Хоть обещал когда-то Григорий Углов любимой золотые горы — жизнь определяла по-своему. Не помню своих родителей в праздном отдыхе. Главное, что осталось от раннего детства — это дороги, дороги...
Летом, в навигацию, пока отец ходил на пароходе, мы жили в деревне у двоюродной сестры матери, Неонилы Осиповны. Поздней осенью мать обряжала нас в дальний путь, и мы всем выводком отправлялись к месту стоянки парохода. А зимовки каждый год были в разных местах — в Усть-Куте, Витиме, на речке Маме, в низовьях Лены, где-то близ Олекмы. Такой была жизнь семьи долгое время — с 1890 по 1915 год, пока отец не скопил денег на покупку домика в Киренске.
Нас было шестеро: три брата и три сестры. У матери, терпеливо следовавшей за отцом к очередному временному месту жительства, всегда был на руках малыш. А надо только представить осенние дороги тех лет, чтобы понять те испытания и лишения, которые ложились на плечи путешествующих, особенно из бедной семьи.

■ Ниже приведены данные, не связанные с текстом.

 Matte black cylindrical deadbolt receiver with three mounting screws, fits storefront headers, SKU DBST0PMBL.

У нас еще имелось преимущество: отец был водником, и мы, хоть с трудом, но все же могли попасть на пароход, проходящий мимо. Но для этого днями ждали на берегу, по-цыгански сидя на вещах, боясь далеко отлучиться.
Как сейчас вижу холодную, свинцового отлива круговерть речной воды, с неба сыплется снежная крупа, и вдруг — чей-то взволнованный голос: «Пароход иде-е-ет!» Мы со своим скарбом грузимся в большую лодку, выгребаем на фарватер реки. Пароход, опасно подбрасывая на волнах нашу лодку, быстро проплывает мимо, и мама жестами тщетно упрашивает капитана прихватить нас с собой... Озябшие, подавленные возвращаемся на опостылевший берег, не ведая, сколько дней и ночей ждать следующего судна. А где-то переживая, напрасно встречает пароходы отец...

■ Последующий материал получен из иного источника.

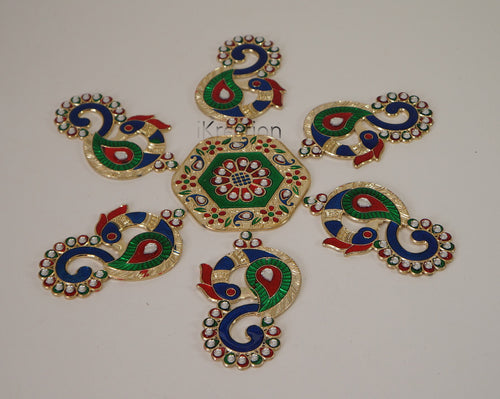 Acrylic Minakari Peacock Shape Rangoli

Нередко, прождав несколько томительных дней на берегу, мы возвращались в деревню ни с чем — ни один из пароходов нас не взял, а больше уже не пойдут, река стала... Теперь нужно ждать, пока установится санный путь: поедем на лошадях. Мама вздыхает — дорого, и путешествие трудное, долгое, детей можно застудить, — с нашими морозами да метелями шутки плохи. Но мне да и братьям с сестренками интересно. Сколько деревень проедем, сколько ночлегов впереди, и всюду разные, похожие и непохожие люди — будет чему радоваться и удивляться!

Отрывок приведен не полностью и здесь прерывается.